--- Assignment ---
Every record must be copied exactly, except that pictures are dropped.

Start of Block

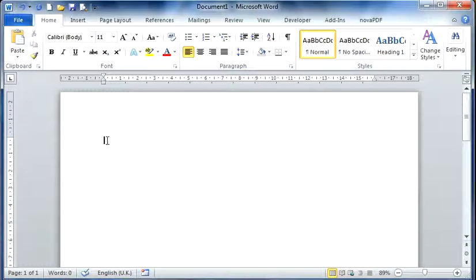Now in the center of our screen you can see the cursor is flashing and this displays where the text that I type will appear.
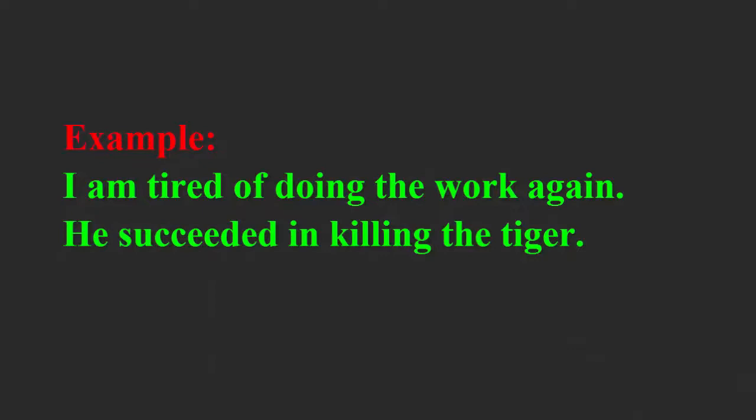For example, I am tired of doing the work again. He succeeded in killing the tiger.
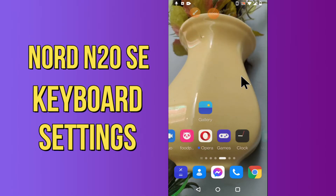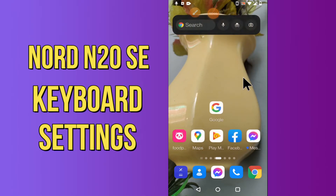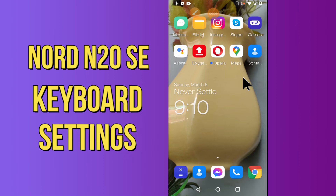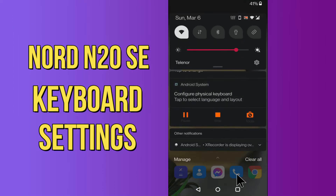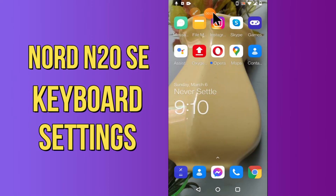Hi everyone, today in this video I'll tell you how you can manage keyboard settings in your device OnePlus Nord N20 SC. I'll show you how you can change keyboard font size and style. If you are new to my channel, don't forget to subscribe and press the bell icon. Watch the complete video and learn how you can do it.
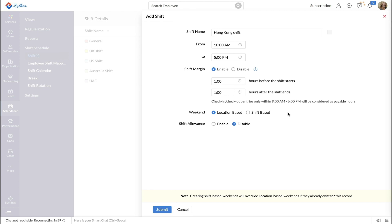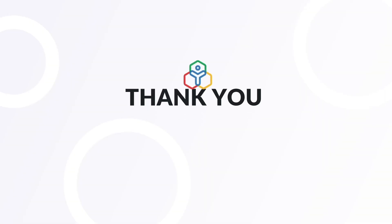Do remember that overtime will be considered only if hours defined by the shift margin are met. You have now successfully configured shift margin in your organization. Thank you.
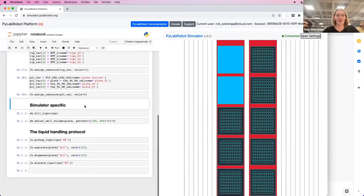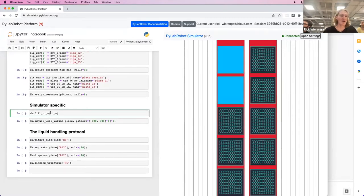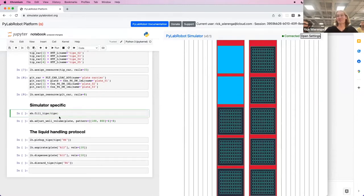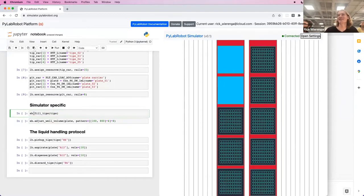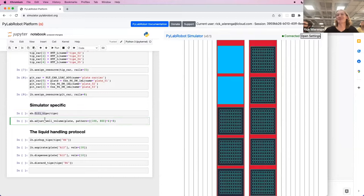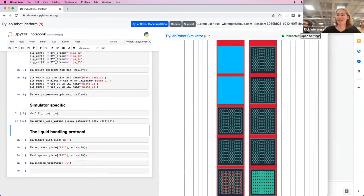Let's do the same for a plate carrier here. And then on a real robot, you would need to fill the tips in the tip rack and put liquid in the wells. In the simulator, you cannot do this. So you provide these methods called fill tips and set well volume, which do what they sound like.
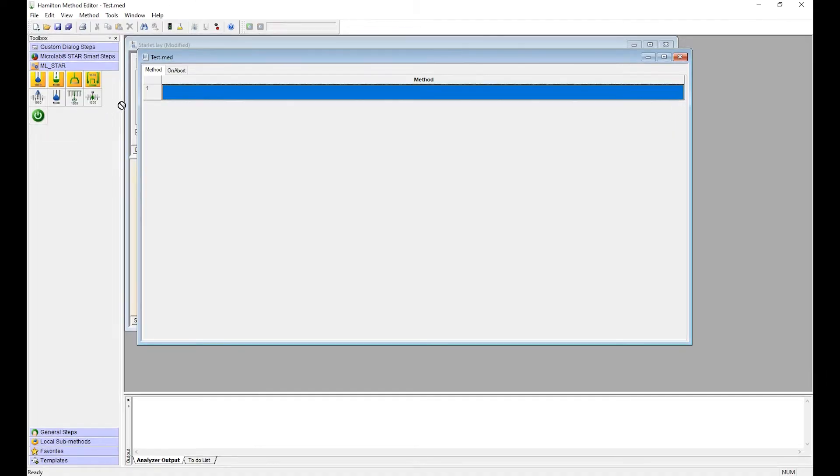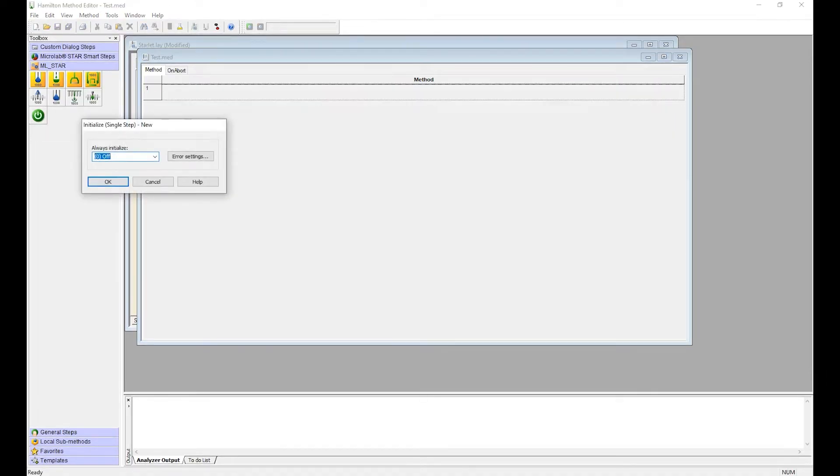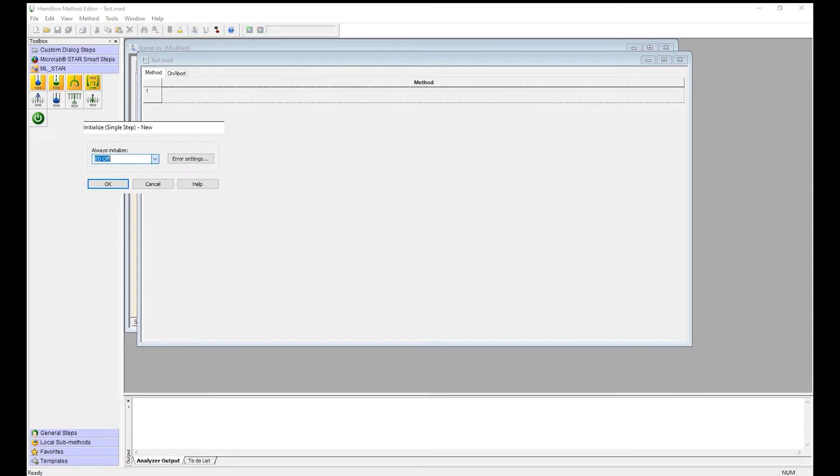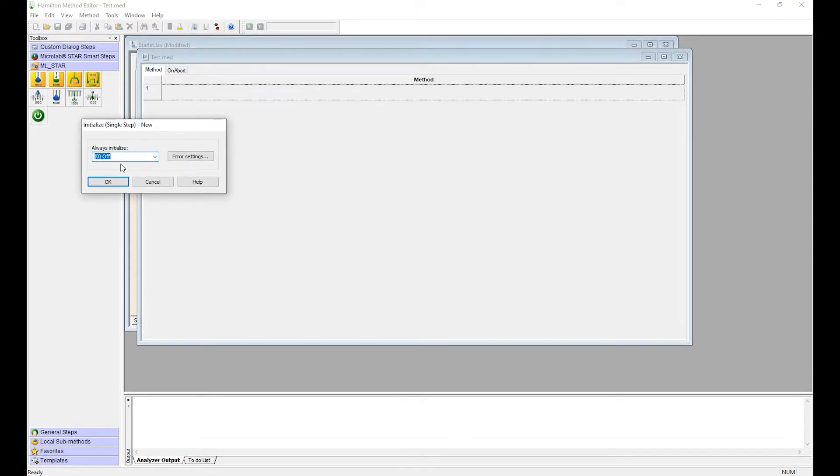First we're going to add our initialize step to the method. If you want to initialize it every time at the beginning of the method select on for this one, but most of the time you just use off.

End of Block

--- Problem solution ---
Now in the center of our screen you can see the cursor is flashing and this displays where the text that I type will appear.
For example, I am tired of doing the work again. He succeeded in killing the tiger.
Hi everyone, today in this video I'll tell you how you can manage keyboard settings in your device OnePlus Nord N20 SC. I'll show you how you can change keyboard font size and style. If you are new to my channel, don't forget to subscribe and press the bell icon. Watch the complete video and learn how you can do it.
Do remember that overtime will be considered only if hours defined by the shift margin are met. You have now successfully configured shift margin in your organization. Thank you.
Let's do the same for a plate carrier here. And then on a real robot, you would need to fill the tips in the tip rack and put liquid in the wells. In the simulator, you cannot do this. So you provide these methods called fill tips and set well volume, which do what they sound like.
First we're going to add our initialize step to the method. If you want to initialize it every time at the beginning of the method select on for this one, but most of the time you just use off.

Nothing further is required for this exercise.